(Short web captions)
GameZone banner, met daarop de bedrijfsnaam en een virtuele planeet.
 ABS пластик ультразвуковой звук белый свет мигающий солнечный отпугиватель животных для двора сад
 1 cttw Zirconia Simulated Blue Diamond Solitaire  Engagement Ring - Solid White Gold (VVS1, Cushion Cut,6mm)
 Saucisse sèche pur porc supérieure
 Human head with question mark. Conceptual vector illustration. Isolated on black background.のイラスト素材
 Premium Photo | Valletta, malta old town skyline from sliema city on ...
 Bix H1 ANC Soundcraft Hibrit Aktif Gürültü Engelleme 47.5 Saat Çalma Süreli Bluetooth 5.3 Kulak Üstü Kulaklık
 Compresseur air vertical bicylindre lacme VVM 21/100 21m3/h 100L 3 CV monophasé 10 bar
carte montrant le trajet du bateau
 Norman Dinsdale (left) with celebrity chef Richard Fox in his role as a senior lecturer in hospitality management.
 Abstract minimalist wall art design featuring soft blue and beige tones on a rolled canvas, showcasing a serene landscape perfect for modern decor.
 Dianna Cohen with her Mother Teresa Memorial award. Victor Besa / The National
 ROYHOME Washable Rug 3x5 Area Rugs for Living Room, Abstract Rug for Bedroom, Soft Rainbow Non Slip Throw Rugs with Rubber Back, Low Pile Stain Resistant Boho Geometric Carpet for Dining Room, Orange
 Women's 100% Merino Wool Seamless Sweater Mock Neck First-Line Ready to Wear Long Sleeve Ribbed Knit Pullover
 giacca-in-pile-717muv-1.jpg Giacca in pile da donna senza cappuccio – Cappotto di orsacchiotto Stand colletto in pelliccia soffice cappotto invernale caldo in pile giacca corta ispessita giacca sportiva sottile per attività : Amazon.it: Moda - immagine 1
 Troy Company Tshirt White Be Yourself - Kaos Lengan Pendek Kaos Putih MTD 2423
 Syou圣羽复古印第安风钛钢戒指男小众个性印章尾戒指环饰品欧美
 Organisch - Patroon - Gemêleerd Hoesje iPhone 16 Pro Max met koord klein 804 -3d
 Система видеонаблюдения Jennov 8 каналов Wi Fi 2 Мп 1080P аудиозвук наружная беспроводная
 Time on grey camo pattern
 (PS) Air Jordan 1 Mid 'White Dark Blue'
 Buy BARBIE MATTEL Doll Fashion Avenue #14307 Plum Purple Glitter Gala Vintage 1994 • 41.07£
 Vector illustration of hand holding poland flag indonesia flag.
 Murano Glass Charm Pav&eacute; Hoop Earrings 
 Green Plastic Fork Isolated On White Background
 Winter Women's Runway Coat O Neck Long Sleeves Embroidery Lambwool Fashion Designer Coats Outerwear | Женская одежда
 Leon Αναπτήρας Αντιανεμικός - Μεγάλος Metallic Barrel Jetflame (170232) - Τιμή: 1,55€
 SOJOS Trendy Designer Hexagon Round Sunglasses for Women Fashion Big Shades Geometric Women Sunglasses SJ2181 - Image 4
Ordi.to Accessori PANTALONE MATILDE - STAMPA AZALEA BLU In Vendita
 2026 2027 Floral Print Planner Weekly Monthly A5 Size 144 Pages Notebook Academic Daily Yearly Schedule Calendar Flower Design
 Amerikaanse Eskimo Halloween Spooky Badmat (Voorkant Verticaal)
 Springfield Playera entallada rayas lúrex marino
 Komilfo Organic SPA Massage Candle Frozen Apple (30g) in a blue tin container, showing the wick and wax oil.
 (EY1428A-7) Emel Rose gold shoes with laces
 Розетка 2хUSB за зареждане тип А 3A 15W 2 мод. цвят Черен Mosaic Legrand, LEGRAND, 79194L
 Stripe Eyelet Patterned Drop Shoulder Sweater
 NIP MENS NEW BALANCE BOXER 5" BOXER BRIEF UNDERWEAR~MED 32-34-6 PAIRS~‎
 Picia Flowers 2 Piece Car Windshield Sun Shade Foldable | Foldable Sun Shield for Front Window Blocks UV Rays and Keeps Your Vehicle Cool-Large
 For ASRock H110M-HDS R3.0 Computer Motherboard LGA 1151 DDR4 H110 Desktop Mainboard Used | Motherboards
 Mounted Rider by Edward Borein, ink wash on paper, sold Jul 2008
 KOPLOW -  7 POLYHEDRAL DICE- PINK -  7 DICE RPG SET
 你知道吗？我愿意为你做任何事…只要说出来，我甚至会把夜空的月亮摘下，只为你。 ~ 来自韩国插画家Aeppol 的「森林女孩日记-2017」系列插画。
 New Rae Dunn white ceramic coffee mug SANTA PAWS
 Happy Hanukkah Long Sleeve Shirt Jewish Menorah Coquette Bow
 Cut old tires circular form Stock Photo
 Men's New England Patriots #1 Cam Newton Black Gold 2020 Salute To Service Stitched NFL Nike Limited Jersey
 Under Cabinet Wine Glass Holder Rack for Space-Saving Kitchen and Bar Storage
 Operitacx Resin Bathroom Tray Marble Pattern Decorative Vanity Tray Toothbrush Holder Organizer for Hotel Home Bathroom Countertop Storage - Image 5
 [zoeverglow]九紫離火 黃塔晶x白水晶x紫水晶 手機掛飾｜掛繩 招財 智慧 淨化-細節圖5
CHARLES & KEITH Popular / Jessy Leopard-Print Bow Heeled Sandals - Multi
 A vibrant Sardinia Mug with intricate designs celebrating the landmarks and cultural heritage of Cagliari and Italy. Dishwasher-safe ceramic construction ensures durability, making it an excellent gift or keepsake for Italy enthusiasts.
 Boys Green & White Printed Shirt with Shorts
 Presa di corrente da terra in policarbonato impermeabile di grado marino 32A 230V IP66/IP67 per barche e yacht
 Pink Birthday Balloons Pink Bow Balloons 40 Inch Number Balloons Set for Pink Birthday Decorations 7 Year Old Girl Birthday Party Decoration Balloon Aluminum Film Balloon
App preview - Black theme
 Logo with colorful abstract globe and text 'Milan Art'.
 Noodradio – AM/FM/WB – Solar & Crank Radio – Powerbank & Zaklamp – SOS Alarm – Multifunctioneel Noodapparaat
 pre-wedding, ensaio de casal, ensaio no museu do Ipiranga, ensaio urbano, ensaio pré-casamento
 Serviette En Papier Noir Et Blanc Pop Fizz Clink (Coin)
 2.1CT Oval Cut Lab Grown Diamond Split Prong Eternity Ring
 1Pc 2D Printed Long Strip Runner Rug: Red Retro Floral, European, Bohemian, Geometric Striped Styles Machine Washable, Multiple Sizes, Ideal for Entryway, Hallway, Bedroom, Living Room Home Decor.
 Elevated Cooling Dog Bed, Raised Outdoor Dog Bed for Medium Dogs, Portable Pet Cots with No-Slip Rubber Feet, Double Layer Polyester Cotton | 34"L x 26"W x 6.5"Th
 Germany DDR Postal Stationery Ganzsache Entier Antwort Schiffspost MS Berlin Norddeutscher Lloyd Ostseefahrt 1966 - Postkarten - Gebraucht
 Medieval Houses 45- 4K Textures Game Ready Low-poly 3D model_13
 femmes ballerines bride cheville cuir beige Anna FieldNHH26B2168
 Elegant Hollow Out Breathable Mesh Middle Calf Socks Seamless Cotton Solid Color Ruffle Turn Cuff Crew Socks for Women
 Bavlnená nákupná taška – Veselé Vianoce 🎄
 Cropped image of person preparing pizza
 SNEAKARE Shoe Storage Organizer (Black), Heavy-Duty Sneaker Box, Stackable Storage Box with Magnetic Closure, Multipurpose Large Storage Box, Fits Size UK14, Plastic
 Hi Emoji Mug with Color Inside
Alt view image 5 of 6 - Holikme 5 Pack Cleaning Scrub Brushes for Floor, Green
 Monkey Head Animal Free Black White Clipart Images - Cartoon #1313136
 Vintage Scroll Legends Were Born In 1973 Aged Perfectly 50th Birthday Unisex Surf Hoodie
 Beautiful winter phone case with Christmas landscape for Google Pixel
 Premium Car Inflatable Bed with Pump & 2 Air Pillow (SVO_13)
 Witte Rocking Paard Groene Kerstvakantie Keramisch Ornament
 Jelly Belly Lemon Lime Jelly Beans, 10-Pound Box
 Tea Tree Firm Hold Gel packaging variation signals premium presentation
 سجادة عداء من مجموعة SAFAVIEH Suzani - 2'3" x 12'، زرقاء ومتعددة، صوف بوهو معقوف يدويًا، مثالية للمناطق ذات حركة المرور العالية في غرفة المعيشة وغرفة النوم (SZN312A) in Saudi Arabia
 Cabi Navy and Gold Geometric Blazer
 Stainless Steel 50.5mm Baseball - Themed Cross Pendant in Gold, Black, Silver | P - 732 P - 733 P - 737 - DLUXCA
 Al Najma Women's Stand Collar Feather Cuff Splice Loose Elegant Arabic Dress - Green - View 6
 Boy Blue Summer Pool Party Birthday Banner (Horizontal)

## WHAT TO PRODUCE
Copy exactly the lines above, starting at the opening line and finishing at the line in which "Women's 100% Merino" occurs.

## RESULT
GameZone banner, met daarop de bedrijfsnaam en een virtuele planeet.
 ABS пластик ультразвуковой звук белый свет мигающий солнечный отпугиватель животных для двора сад
 1 cttw Zirconia Simulated Blue Diamond Solitaire  Engagement Ring - Solid White Gold (VVS1, Cushion Cut,6mm)
 Saucisse sèche pur porc supérieure
 Human head with question mark. Conceptual vector illustration. Isolated on black background.のイラスト素材
 Premium Photo | Valletta, malta old town skyline from sliema city on ...
 Bix H1 ANC Soundcraft Hibrit Aktif Gürültü Engelleme 47.5 Saat Çalma Süreli Bluetooth 5.3 Kulak Üstü Kulaklık
 Compresseur air vertical bicylindre lacme VVM 21/100 21m3/h 100L 3 CV monophasé 10 bar
carte montrant le trajet du bateau
 Norman Dinsdale (left) with celebrity chef Richard Fox in his role as a senior lecturer in hospitality management.
 Abstract minimalist wall art design featuring soft blue and beige tones on a rolled canvas, showcasing a serene landscape perfect for modern decor.
 Dianna Cohen with her Mother Teresa Memorial award. Victor Besa / The National
 ROYHOME Washable Rug 3x5 Area Rugs for Living Room, Abstract Rug for Bedroom, Soft Rainbow Non Slip Throw Rugs with Rubber Back, Low Pile Stain Resistant Boho Geometric Carpet for Dining Room, Orange
 Women's 100% Merino Wool Seamless Sweater Mock Neck First-Line Ready to Wear Long Sleeve Ribbed Knit Pullover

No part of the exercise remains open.